— WHAT TO WORK ON —
The reply should return the data in full, exactly as written.

— Dataset items —
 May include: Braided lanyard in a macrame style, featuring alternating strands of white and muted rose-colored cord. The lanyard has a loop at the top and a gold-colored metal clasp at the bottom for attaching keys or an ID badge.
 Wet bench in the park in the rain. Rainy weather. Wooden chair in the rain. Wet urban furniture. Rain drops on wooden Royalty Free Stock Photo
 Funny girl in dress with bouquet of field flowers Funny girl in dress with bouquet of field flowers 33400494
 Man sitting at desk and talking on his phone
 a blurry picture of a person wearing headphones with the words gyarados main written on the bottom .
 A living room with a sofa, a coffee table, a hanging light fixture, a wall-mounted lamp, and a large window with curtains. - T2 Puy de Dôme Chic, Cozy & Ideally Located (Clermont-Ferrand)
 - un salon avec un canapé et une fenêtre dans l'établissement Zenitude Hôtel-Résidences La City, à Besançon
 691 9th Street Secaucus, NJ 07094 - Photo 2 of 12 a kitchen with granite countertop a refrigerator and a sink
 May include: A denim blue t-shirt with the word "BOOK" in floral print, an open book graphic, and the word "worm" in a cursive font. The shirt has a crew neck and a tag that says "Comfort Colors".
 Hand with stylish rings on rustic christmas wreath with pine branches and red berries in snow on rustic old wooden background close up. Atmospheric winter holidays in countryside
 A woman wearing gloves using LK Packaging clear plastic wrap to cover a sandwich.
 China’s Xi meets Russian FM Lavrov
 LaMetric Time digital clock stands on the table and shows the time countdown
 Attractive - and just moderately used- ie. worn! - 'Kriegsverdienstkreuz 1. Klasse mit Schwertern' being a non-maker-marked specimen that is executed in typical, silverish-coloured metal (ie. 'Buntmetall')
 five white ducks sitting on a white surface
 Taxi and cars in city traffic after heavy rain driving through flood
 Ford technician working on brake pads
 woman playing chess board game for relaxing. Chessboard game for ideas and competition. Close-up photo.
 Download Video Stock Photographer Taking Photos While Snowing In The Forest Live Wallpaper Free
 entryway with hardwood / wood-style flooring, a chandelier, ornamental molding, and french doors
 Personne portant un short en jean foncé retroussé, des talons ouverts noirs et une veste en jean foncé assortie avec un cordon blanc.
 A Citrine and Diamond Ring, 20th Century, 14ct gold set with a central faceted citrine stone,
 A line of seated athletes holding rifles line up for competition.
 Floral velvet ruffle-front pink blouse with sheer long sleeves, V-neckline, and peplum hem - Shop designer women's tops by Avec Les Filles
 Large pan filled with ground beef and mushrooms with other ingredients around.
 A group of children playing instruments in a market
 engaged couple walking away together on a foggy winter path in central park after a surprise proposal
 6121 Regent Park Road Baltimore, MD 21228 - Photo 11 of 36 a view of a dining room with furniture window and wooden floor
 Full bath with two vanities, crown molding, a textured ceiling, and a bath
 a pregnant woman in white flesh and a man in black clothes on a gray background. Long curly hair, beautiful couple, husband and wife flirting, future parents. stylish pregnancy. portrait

— YOUR SOLUTION —
 May include: Braided lanyard in a macrame style, featuring alternating strands of white and muted rose-colored cord. The lanyard has a loop at the top and a gold-colored metal clasp at the bottom for attaching keys or an ID badge.
 Wet bench in the park in the rain. Rainy weather. Wooden chair in the rain. Wet urban furniture. Rain drops on wooden Royalty Free Stock Photo
 Funny girl in dress with bouquet of field flowers Funny girl in dress with bouquet of field flowers 33400494
 Man sitting at desk and talking on his phone
 a blurry picture of a person wearing headphones with the words gyarados main written on the bottom .
 A living room with a sofa, a coffee table, a hanging light fixture, a wall-mounted lamp, and a large window with curtains. - T2 Puy de Dôme Chic, Cozy & Ideally Located (Clermont-Ferrand)
 - un salon avec un canapé et une fenêtre dans l'établissement Zenitude Hôtel-Résidences La City, à Besançon
 691 9th Street Secaucus, NJ 07094 - Photo 2 of 12 a kitchen with granite countertop a refrigerator and a sink
 May include: A denim blue t-shirt with the word "BOOK" in floral print, an open book graphic, and the word "worm" in a cursive font. The shirt has a crew neck and a tag that says "Comfort Colors".
 Hand with stylish rings on rustic christmas wreath with pine branches and red berries in snow on rustic old wooden background close up. Atmospheric winter holidays in countryside
 A woman wearing gloves using LK Packaging clear plastic wrap to cover a sandwich.
 China’s Xi meets Russian FM Lavrov
 LaMetric Time digital clock stands on the table and shows the time countdown
 Attractive - and just moderately used- ie. worn! - 'Kriegsverdienstkreuz 1. Klasse mit Schwertern' being a non-maker-marked specimen that is executed in typical, silverish-coloured metal (ie. 'Buntmetall')
 five white ducks sitting on a white surface
 Taxi and cars in city traffic after heavy rain driving through flood
 Ford technician working on brake pads
 woman playing chess board game for relaxing. Chessboard game for ideas and competition. Close-up photo.
 Download Video Stock Photographer Taking Photos While Snowing In The Forest Live Wallpaper Free
 entryway with hardwood / wood-style flooring, a chandelier, ornamental molding, and french doors
 Personne portant un short en jean foncé retroussé, des talons ouverts noirs et une veste en jean foncé assortie avec un cordon blanc.
 A Citrine and Diamond Ring, 20th Century, 14ct gold set with a central faceted citrine stone,
 A line of seated athletes holding rifles line up for competition.
 Floral velvet ruffle-front pink blouse with sheer long sleeves, V-neckline, and peplum hem - Shop designer women's tops by Avec Les Filles
 Large pan filled with ground beef and mushrooms with other ingredients around.
 A group of children playing instruments in a market
 engaged couple walking away together on a foggy winter path in central park after a surprise proposal
 6121 Regent Park Road Baltimore, MD 21228 - Photo 11 of 36 a view of a dining room with furniture window and wooden floor
 Full bath with two vanities, crown molding, a textured ceiling, and a bath
 a pregnant woman in white flesh and a man in black clothes on a gray background. Long curly hair, beautiful couple, husband and wife flirting, future parents. stylish pregnancy. portrait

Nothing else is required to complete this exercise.